My post is joined by a great many other relevant posts, plus an extended (and funny) post by the Grumpies, Nicole and Maggie, on how to properly wash dishes. Why exactly that last one is part of a personal finance carnival is open to question, but at least you'll know what to do when the dishwasher is broken.

In general terms, a carnival is a collection of posts gathered over the past week or so and presented all in one place.

When I first started blogging, I thought the blog hosts simply surfed the blogosphere and picked out the most worthy writing.

Umm--not so much.

The reality is that blog hosts sit back, eat bon-bons, and wait for individual bloggers to fling their authorial contributions into the vast void. If they like what flies by, or if they are just in a good mood, or nothing better appeared in their mailbox that week, your post will become part of the carnival.

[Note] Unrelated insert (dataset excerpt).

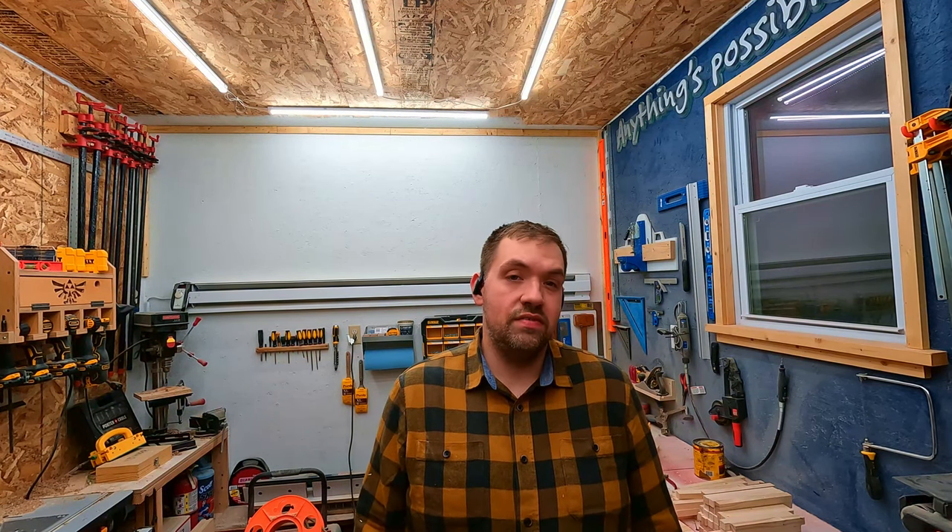I'm getting ready to assemble the lanterns. The way I'm going to do that is I have a jig on the table that I made that keeps everything a little more square, and I'm just going to use some glue and brad nails. If you haven't already, please hit the subscribe button — it really means a lot to me — give it a like, share the video, and let's start assembly.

Most carnival hosts are good about sending e-mails telling you whether you made it in or not. Unfortunately, these e-mails are sent out the same day the carnival appears online so if you're the kind of blogger who is organized and sent in your contribution a week earlier (you know this is NOT Grace, right?) then you just have to wait. OTOH, if you contributed 2 hours prior to the deadline (Yep! That would be moi!), you get the information relatively soon.

The general thought is that having one's post find its way into a Carnival will increase blog traffic. It does, particularly if your contribution is highlighted in some special way, but many carnivals, like the Carnival of Personal Finance, are huge. My experience is that my post appears in a long list of others, and tends to get lost.

However, a better way to use a Carnival to generate traffic to your blog is to actually host a carnival. The carnival websites have sign up lists to do that. I couldn't tell you how it works or how much time it entails because I've never volunteered. It seems to require an ability to have a clever theme and to post cool pictures--both of which are more than I can manage.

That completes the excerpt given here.